ReportsGuest User

Learning the lessons

ReportsGuest User
Learning the lessons

Inquests into Labour’s election defeat continue. An ESRC-funded project, which interviewed over 1,350 Party members, put Brexit and the media at the top of the reasons why Labour lost so badly.

A leaked internal report attacked the Party’s electoral strategy, with allegations of inadequate material, poorly prepared canvassers and the wrong seats targeted. Anyone who took part in the mass canvasses around London will see a grain of truth in this.

 More significant is the wide variation in contact rate: in London marginals, 28% of eligible voters were contacted, in Scotland, it was just 6% - although still better than the 0.2% contact rate in South Shields when David Miliband was an MP there. The Guardian reported that “for every 10% change in campaign contact rate there would be a 2% increase in Labour’s vote share.” The concentration of Labour members – and canvassing – in the south clearly had an impact elsewhere.

A less-publicised report by academics at Europe for the Many, entitled The devastating defeat: Why Labour lost and how it can win again goes deeper and explores the demographic changes in the UK that make electing a Labour government more challenging.

The researchers divide the electorate into four main categories. First, multi-ethnic working class heartlands: seats Labour consistently holds, with high levels of inequality, deprivation and ethnic diversity. Second, young cosmopolitan centres of the new capitalism: seats Labour won for the first time in 2017, diverse, with large numbers of private renters and graduates and high house prices. Third, the Brexit-voting towns of left-behind Britain, which the Tories won for the first time - areas with low house prices, wages and ethnic diversity and high numbers of older people,with higher rates of home ownership and economic security. Lastly, the affluent Leave-voting Conservative shire seats, with low ethnic diversity and a large older population.

This re-composition, a feature of our post-industrial society, has been going on for decades, but only emerged clearly after the Brexit vote in 2016, claim the authors.The Tories’ ability to unite its affluent shire base with a section of Labour’s traditional electoral coalition underlines not just the Brexit divide. It potentially opens a new division between largely Leave-voting social conservatives and Remain-voting social liberals.

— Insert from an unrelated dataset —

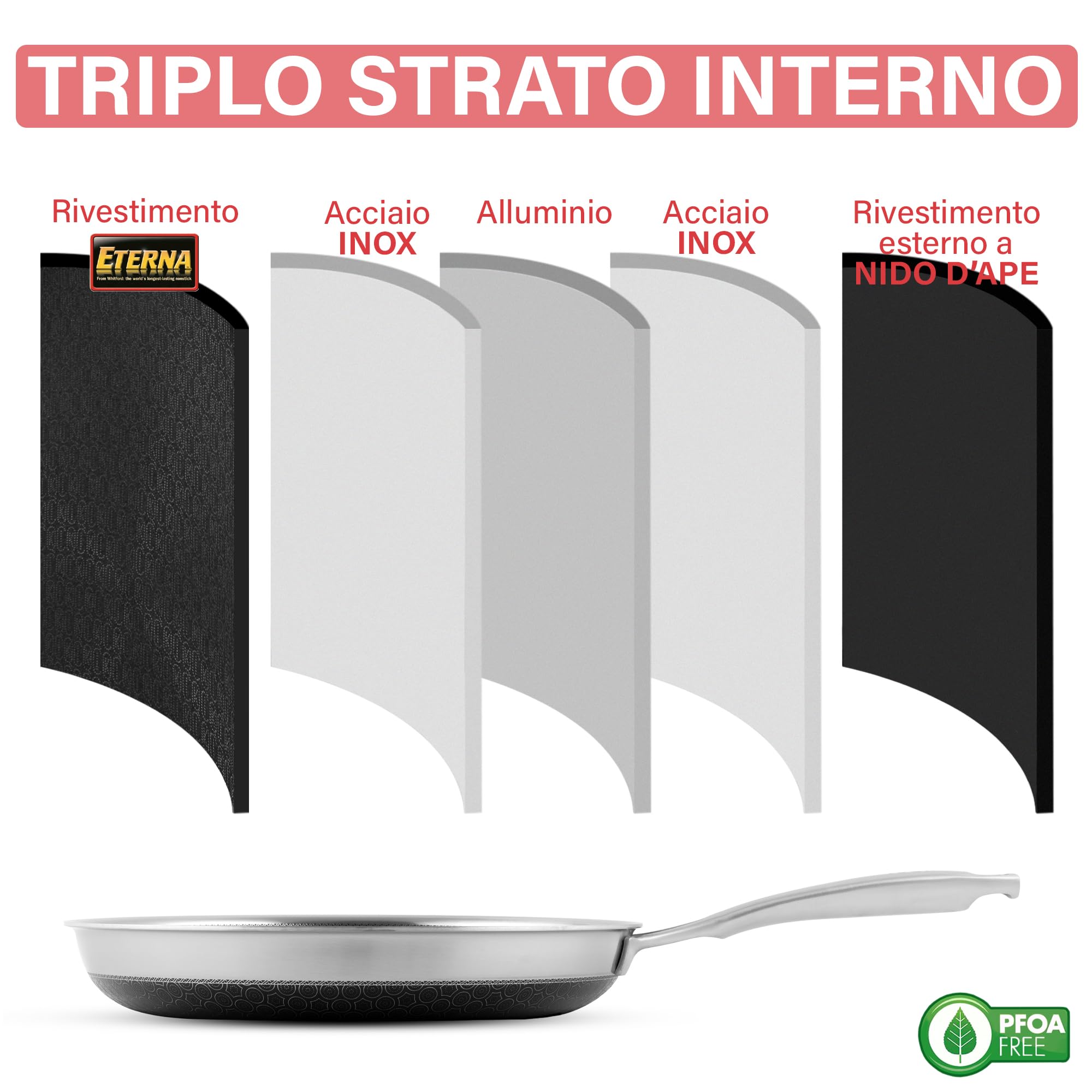 Padella Antiaderente Triplo Strato (Acciaio Inox + Alluminio) Diametro Ø 20 cm, Antigraffio, NO PFOA, Per Piano Cottura Induzione, Ceramica, Elettrico, Gas, Forno, Manico Anti Scottatura, Fry Pan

“The Tories now have a huge challenge,” argue the authors.” They have to keep control of seats desperate for investment, which look completely different to their consistently held seats, while also keeping their commitment not to raise any taxes over the next five years. We predict that they will combine very socially conservative policies on issues like crime and immigration with pork-barrel politics, targeting these areas for investment by cynically cutting funding to other areas, such as very deprived safe Labour seats.”

Yet Labour did not lose its working class base. Of the 20 constituencies with the highest level of child poverty in the UK, 19 are Labour. Evidence suggests there is also broad support for Labour’s economic policy among most votes.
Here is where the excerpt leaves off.